(Beginning of EXTRACTED MATERIAL)

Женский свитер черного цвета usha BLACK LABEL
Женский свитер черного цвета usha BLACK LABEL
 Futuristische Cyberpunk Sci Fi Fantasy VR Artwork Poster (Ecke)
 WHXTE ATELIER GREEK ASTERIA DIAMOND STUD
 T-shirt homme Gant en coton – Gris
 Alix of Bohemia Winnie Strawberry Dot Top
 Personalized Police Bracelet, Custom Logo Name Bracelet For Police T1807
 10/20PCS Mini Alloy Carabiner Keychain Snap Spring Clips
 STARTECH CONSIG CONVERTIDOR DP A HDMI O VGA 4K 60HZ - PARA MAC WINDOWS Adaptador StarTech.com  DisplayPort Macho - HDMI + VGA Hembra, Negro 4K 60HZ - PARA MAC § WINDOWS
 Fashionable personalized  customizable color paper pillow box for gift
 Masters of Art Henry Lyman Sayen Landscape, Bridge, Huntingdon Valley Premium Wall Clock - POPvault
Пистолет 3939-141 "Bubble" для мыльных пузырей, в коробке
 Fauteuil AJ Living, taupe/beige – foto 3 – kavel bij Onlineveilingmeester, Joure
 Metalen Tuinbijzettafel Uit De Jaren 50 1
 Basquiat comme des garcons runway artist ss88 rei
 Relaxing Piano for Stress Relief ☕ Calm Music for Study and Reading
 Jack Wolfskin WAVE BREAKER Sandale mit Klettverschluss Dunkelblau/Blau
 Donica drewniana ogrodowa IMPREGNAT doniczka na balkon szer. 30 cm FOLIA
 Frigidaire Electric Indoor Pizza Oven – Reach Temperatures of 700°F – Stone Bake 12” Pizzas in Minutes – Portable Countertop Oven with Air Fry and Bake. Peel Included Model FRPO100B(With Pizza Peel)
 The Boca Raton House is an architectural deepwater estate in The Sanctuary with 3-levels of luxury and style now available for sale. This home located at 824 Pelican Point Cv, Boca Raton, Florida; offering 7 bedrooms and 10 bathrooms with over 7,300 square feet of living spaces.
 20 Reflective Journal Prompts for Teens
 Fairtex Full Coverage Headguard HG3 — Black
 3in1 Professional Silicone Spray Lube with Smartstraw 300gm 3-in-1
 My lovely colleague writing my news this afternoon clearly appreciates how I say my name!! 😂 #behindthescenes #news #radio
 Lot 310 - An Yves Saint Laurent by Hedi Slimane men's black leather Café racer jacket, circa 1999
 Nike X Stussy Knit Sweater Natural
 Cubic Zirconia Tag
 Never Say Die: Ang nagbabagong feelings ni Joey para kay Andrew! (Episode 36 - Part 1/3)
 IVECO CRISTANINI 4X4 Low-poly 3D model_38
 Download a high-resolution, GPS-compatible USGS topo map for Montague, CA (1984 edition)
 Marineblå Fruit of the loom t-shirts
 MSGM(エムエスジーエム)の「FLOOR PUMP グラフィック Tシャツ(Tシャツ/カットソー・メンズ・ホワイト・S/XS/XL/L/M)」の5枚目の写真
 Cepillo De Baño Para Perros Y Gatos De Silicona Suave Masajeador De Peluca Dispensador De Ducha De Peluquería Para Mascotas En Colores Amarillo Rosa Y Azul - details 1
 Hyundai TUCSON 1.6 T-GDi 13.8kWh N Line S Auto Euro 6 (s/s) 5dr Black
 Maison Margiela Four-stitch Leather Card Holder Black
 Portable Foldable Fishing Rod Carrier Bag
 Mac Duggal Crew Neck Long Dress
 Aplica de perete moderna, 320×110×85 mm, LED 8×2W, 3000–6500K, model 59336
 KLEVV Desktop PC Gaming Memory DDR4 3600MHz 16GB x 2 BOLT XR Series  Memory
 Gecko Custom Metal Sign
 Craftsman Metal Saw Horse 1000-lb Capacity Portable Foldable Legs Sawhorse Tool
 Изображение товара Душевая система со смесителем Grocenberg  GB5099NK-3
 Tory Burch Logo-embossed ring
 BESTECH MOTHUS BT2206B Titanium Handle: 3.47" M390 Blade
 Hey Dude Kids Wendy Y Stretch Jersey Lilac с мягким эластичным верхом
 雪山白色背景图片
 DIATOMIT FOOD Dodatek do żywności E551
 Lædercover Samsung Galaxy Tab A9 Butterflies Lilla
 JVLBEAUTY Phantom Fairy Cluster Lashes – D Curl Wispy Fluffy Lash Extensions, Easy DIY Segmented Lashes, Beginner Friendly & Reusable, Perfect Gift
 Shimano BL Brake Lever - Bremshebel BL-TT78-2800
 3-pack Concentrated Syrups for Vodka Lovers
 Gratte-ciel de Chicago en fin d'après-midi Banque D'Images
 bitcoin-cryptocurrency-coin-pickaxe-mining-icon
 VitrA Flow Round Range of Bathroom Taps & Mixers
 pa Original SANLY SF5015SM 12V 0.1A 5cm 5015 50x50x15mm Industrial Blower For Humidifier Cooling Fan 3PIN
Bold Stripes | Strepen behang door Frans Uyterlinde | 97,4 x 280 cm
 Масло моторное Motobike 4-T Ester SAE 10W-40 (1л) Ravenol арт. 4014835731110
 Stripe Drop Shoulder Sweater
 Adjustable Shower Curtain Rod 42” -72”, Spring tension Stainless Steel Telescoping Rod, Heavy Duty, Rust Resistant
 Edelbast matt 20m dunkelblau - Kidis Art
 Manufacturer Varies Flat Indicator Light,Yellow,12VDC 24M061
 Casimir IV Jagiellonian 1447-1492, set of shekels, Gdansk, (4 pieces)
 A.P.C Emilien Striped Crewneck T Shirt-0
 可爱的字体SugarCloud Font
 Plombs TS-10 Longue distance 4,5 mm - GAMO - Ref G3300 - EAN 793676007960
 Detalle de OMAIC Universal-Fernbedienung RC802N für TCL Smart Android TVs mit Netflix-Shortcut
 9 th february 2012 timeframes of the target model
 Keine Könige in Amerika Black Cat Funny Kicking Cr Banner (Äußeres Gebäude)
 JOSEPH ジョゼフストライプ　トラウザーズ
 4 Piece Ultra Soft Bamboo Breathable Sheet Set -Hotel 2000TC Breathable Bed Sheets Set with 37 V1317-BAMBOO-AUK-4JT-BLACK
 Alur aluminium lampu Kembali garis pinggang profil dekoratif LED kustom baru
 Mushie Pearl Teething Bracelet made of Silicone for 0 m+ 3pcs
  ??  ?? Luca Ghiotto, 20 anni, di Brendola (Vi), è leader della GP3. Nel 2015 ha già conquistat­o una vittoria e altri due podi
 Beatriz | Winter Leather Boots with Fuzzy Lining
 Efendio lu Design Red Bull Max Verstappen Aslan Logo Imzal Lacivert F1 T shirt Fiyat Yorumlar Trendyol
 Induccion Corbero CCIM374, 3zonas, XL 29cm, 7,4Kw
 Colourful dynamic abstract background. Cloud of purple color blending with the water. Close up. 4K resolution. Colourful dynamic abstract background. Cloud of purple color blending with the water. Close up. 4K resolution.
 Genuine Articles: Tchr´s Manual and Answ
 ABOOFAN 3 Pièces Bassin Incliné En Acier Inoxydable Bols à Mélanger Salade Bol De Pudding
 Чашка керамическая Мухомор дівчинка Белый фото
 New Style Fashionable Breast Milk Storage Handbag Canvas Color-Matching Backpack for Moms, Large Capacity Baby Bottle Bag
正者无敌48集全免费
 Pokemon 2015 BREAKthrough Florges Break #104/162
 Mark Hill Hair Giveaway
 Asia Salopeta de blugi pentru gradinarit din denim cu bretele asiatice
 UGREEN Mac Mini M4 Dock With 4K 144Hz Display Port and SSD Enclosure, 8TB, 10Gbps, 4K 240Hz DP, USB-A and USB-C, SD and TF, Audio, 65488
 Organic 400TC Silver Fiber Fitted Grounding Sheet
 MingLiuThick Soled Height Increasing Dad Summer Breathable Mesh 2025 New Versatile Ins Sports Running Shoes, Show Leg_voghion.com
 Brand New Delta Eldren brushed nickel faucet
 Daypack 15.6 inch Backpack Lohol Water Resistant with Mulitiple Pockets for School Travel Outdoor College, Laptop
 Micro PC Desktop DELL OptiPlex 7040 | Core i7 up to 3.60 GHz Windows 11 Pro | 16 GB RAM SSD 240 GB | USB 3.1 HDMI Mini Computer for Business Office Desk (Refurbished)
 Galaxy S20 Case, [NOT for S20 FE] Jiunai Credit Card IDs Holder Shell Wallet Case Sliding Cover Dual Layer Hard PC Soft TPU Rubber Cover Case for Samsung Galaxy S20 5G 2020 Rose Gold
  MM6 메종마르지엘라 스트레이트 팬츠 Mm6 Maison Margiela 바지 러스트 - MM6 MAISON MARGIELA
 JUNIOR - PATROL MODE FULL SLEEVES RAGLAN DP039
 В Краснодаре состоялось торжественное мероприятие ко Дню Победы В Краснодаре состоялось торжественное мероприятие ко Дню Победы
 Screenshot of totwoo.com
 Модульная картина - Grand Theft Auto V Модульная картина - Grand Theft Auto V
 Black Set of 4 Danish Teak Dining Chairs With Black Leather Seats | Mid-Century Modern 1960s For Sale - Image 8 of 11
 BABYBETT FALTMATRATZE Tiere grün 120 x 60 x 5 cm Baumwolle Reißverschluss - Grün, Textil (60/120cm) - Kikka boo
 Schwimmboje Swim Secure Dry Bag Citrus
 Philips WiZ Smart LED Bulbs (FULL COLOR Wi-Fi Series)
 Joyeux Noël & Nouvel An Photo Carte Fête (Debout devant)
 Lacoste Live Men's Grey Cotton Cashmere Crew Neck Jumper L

(End of EXTRACTED MATERIAL)

WORK INSTRUCTION |
Find the word "Sheet" in the entries above, then copy each line that holds it.

THE COMPLETED TASK |
 4 Piece Ultra Soft Bamboo Breathable Sheet Set -Hotel 2000TC Breathable Bed Sheets Set with 37 V1317-BAMBOO-AUK-4JT-BLACK
 Organic 400TC Silver Fiber Fitted Grounding Sheet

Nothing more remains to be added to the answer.